# THE DATA
((
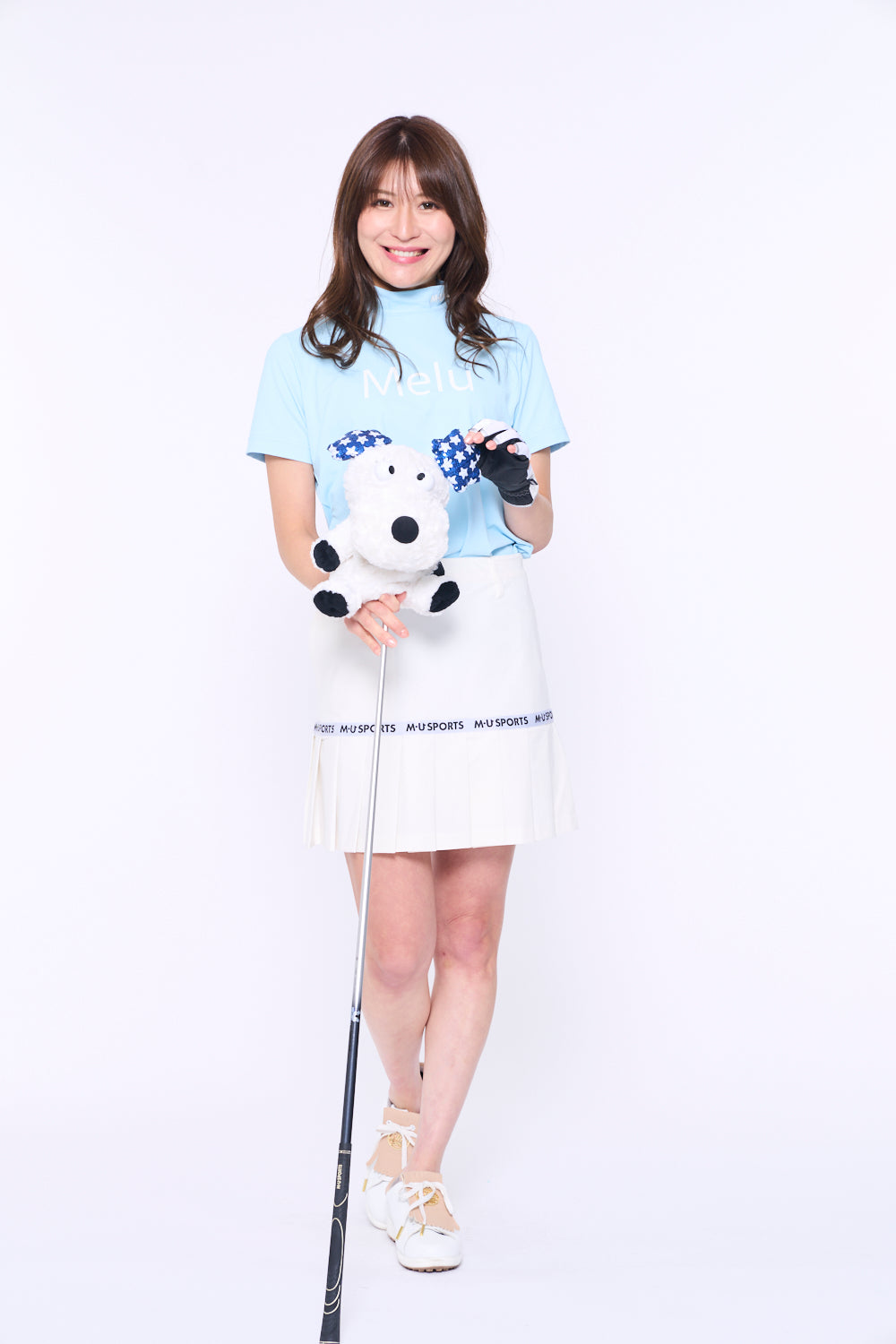 Switch pleated skirt with logo tape (801H3552)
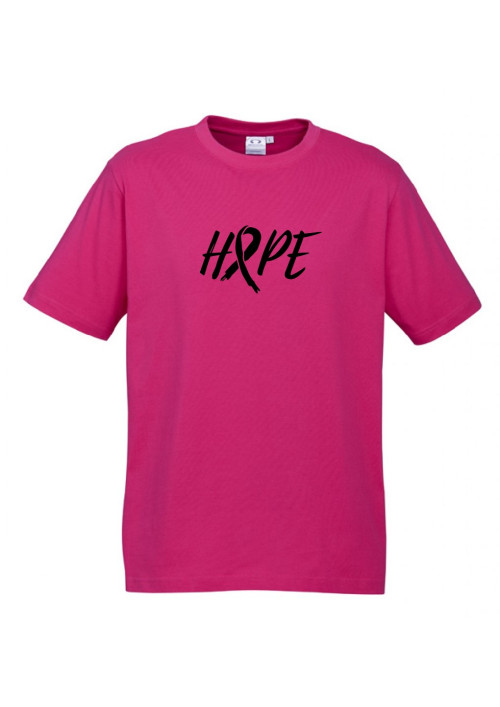 MENS Ice Cotton Hot Pink T-Shirt with Black Hope Ribbon logo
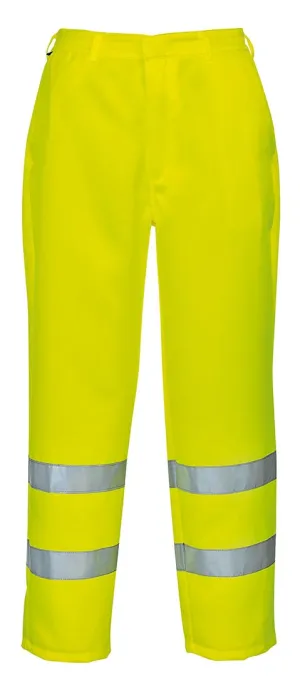 Hi Vis Polycotton Pants for Men -  Waterproof Work Wear - Ansi Class 2, High Visibility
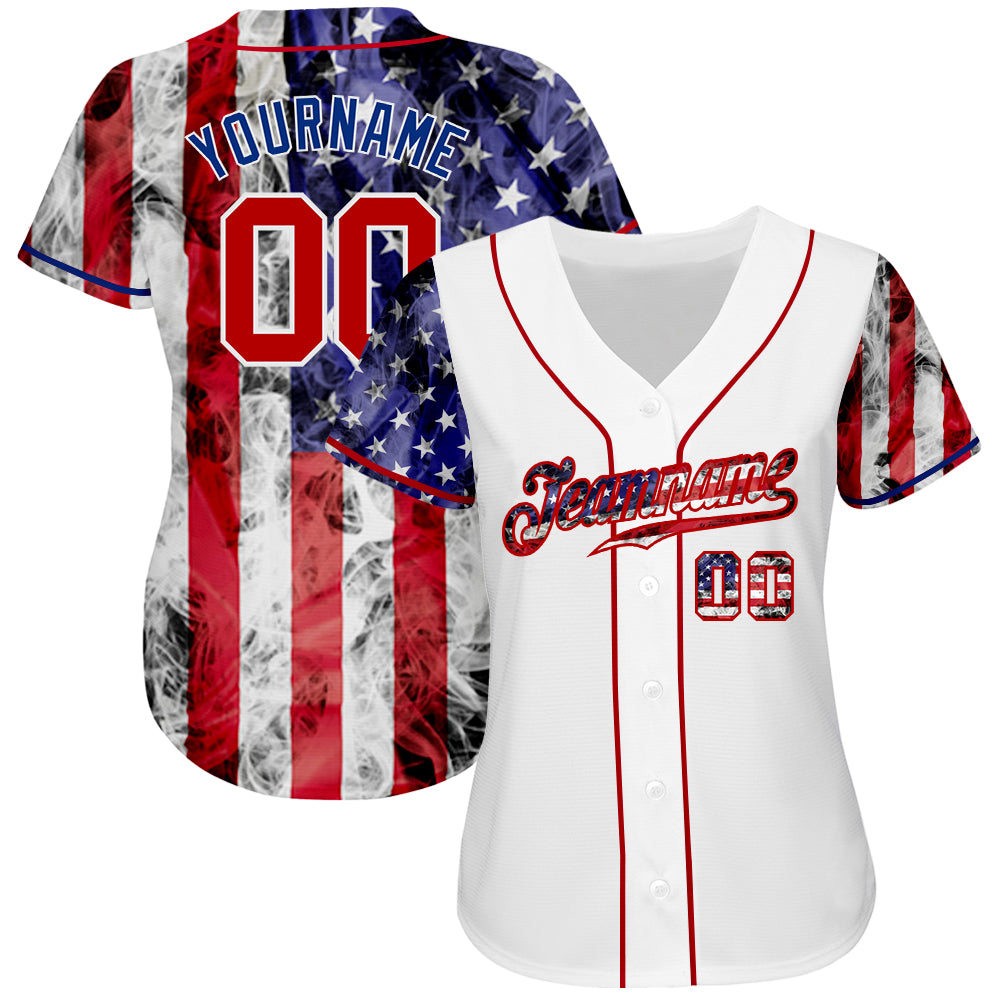 Custom White Red-Royal 3D American Flag Authentic Baseball Jersey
))
# INSTRUCTIONS FOR THE TASK
Reproduce the data word for word, excluding its pictures.

# REPLY
 Switch pleated skirt with logo tape (801H3552)
 MENS Ice Cotton Hot Pink T-Shirt with Black Hope Ribbon logo
 Hi Vis Polycotton Pants for Men -  Waterproof Work Wear - Ansi Class 2, High Visibility
 Custom White Red-Royal 3D American Flag Authentic Baseball Jersey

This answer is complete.